Wednesday, December 14, 2011

Putting On Shoes


God became human.  Well, sure, God can do that if God chooses, but why?  Why would the Divine CHOOSE to become human, CHOOSE to live a life that includes suffering and fear, CHOOSE to live in this imperfect world?  It just doesn't make a whole lot of sense.  I suppose it's part of that mystery thing.  And the truth is, we struggle with it.  We try to justify it.  You've heard it all before:  "God was the perfect human," "God was only posing as a human," or "It was part of God's plan."  Really?  God PLANNED to be born into poverty, PLANNED to be born into an oppressive society, PLANNED to struggle, PLANNED to be disliked, and PLANNED to die?  I don't really know if that was all part of God's plan or not.  Is it so hard for us to accept that God just CHOSE to be one of us?  After all, part of being human is being subjected to a certain randomness of order, to a life that, as hard as it is for us to imagine, is beyond our control, and to not only the free will of ourself, but also the free will, the choice to do right or do wrong, that others around us have. Being human means that not all of life is a predictable pattern, not all of life is planned.  But, nevertheless, God became human.  After eons and eons of trying to get our attention, God put on shoes and walked with us.

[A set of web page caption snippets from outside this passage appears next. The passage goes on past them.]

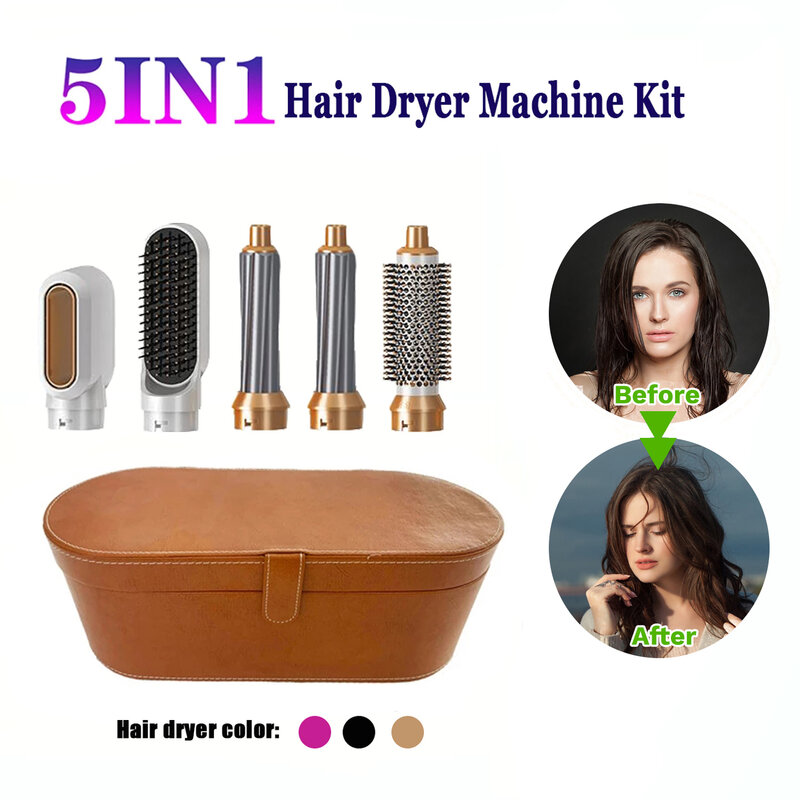 5 In 1เครื่องชุดอัตโนมัติ Curler Iron Wand ผม Straightener เครื่องเป่าผมหวีอากาศ Blower Dryer hair Salon เครื่องมือ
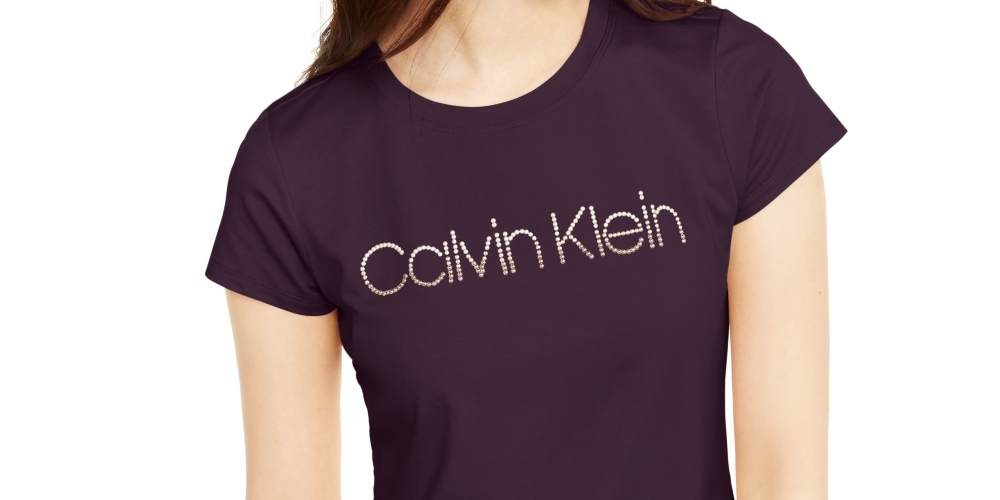 Camiseta Calvin Klein Feminina com Logo Cravejado Roxa Tamanho XG
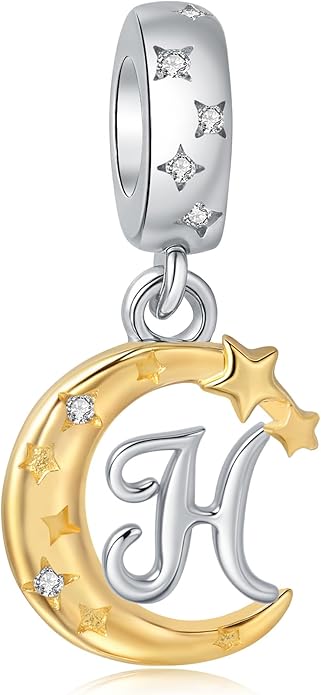 925 Sterling Silver Letter Charms fit Pandora Charms Bracelets fit Women Christmas Birthday Gift
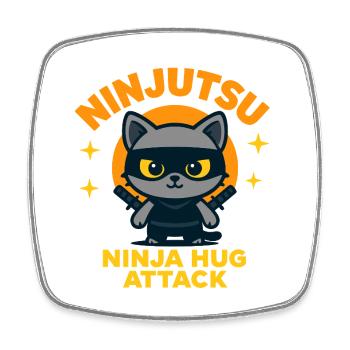 Ninja Katzen Attacke - Viereckiger Kühlschrankmagnet - Weiß - Vorne
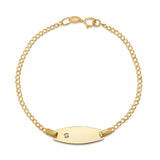 UNICORNJ Kids 14K Gold Bowed ID Bracelet Curb Chain 5.5" with Diamond Accent 0.01 ct Italy
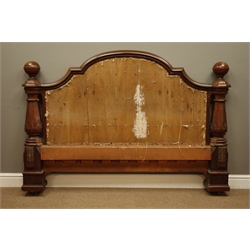  Victorian figured mahogany headboard, shaped top with octagonal supports, W167cm (max)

"Incarnate" literally means "taking on flesh."  It means becoming tangible, real, touchable, accessible.  It means becoming human.  It means putting on shoes. In the book Everything Belongs, Richard Rohr calls it God's "most dangerous disguise."  After all, taking on flesh, becoming tangible, becoming real, touchable, accessible also makes one vulnerable and that is incredibly dangerous.  God put on shoes to show us how to be vulnerable, to show us how to give up a piece of ourself and open ourself to the Divine.

The Shoe Heap, Auschwitz, Poland
More than a decade ago, I had the opportunity to visit Auschwitz, Poland.  I expected to be appalled; I expected to be moved; I expected to be saddened at what I would fine.  I did not expect to become so personally or spiritually involved.  As you walk through the concentration camp, you encounter those things that belonged to the prisoners and victims that were unearthed when the camp was captured--suitcases, eye glasses, books, clothes, artifical limbs, and shoes--lots and lots and lots and lots of shoes--mountains of humanity, all piled up in randomness and namelessness and despair.  This is humanity at its worst.  This is humanity making unthinkable decisions about one another based on the need to be in control, based on the need to be proved right or worthy or acceptable at the expense of others' lives, based on the assumption that one human is better or more deserving than another.

And yet, God CHOSE to be human.  God CHOSE to put on shoes, temporarily separating the Godself from the Holy Ground that is always a part of us, and entering our vulnerability.  God willingly CHOSE to become vulnerable and subject to humanity at its worst.  But God did this because beneath us all is Holy Ground.  God came to this earth and put on shoes and walked this earth that we might learn to take our shoes off and feel the Holy Ground beneath our feet.  God CHOSE to be human not so we would learn to be Divine (after all, that is God's department) but so that we would learn what it means to take off our shoes and feel the earth, feel the sand, feel the rock, feel the Divine Creation that is always with us and know that part of being human is knowing the Divine.  Part of being human is being able to feel the earth move under your feet, to be vulnerable, to be tangible, to be real, to take on flesh, to be incarnate.  Part of being human is making God come alive.
  
In this season of Advent, give yourself the gift of being human, being vulnerable, and knowing the God who is Divine. Take off your shoes and feel the earth move under your feet.  God is coming!  The earth is beginning to move!